Despite the strong growth shown by Europe’s largest economy, Germany, in the third quarter, other countries in the euro zone lagged behind, reports Reuters.

Mario Draghi, European Central Bank president.

Mario Draghi, European Central Bank president.

According to studies released on Friday, the continent’s second- and third-leading economies, France and Italy, shrank in growth for the same period. The newswire speculates that this contraction presupposes “stagnation or worse.”

High unemployment and “years of austerity” might be contributing to the sluggish business growth and consumer confidence in the euro zone.

The data, which Reuters notes “[are] likely to disappoint policymakers yet again” come on the heels of the European Central Bank’s Mario Draghi announcing plans to acquire securitized debt as a way of reviving lending and increasing demand. Dragi did not disclose the target size of the program, which will run for two years.

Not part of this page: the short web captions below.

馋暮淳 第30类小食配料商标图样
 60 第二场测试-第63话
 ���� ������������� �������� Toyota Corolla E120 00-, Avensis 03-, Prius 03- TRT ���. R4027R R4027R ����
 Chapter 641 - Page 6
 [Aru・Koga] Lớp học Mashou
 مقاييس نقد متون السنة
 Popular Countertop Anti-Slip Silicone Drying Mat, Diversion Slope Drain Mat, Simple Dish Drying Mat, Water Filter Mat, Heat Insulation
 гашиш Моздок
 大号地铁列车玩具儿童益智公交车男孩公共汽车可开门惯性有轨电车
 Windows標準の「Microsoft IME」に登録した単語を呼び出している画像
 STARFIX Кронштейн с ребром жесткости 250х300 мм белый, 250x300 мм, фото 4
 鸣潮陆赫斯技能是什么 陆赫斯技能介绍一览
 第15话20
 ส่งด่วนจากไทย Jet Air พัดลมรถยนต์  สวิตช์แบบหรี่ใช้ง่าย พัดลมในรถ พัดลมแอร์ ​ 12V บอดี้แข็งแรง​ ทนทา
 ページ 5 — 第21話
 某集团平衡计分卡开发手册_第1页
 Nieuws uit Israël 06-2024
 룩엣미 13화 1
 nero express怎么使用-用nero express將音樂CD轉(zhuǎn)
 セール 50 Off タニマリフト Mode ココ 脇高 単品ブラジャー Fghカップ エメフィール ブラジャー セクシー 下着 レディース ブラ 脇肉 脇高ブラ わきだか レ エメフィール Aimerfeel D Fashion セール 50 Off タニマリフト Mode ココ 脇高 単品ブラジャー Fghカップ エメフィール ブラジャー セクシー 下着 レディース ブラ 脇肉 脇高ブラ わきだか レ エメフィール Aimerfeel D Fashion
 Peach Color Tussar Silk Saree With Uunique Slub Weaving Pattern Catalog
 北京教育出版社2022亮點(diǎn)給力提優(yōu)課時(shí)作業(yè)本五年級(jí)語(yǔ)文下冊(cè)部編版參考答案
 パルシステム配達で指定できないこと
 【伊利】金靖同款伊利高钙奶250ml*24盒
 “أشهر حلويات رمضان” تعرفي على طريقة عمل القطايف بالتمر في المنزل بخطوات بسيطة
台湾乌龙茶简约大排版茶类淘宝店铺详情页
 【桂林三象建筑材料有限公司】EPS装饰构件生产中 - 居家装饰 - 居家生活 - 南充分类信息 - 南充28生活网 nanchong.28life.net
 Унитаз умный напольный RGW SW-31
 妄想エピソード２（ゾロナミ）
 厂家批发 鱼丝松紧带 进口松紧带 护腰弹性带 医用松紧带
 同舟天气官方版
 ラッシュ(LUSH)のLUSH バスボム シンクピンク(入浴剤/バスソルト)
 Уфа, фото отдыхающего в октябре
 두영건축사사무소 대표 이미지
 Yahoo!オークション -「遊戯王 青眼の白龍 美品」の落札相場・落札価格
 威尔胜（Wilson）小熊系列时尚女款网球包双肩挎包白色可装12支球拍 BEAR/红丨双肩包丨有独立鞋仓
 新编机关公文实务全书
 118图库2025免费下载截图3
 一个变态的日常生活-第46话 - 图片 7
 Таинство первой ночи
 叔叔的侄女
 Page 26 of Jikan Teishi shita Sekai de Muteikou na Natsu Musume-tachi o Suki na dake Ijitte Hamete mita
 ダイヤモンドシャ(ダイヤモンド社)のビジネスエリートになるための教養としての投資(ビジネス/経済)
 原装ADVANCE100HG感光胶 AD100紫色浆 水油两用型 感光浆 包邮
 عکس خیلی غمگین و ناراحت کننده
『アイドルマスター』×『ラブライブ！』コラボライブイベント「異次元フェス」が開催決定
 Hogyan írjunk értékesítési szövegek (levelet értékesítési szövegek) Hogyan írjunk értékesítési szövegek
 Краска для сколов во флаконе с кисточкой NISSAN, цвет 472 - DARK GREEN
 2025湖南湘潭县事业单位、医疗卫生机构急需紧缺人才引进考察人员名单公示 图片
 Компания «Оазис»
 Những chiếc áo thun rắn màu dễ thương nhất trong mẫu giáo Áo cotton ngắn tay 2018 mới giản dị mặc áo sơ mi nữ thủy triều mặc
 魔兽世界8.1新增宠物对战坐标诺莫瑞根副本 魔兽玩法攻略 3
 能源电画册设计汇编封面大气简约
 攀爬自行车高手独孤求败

Draghi also kept mum about a quantitative easing program that entails buying sovereign debt. The lack of news, says Reuters, disappointed markets that hoped the ECB would do more.

Markit’s latest purchasing managers index, which surveys thousands of companies across the euro zone, plummeted to a ten-month low of 52.0 in September. This is slightly below August’s 52.5.

However, according to Reuters, it was “the 15th month that the index has remained above the 50 line that denotes growth.”

If the weak growth continues, lawmakers in the euro zone might explore other options to rev up the economy.

Chris Williams, Markit’s chief economist, tells Reuters: “The waning of growth signaled by the PMI will apply further pressure on the ECB to broaden the scope of its purchases, to not only buy riskier asset-backed securities but to also start purchasing government debt.”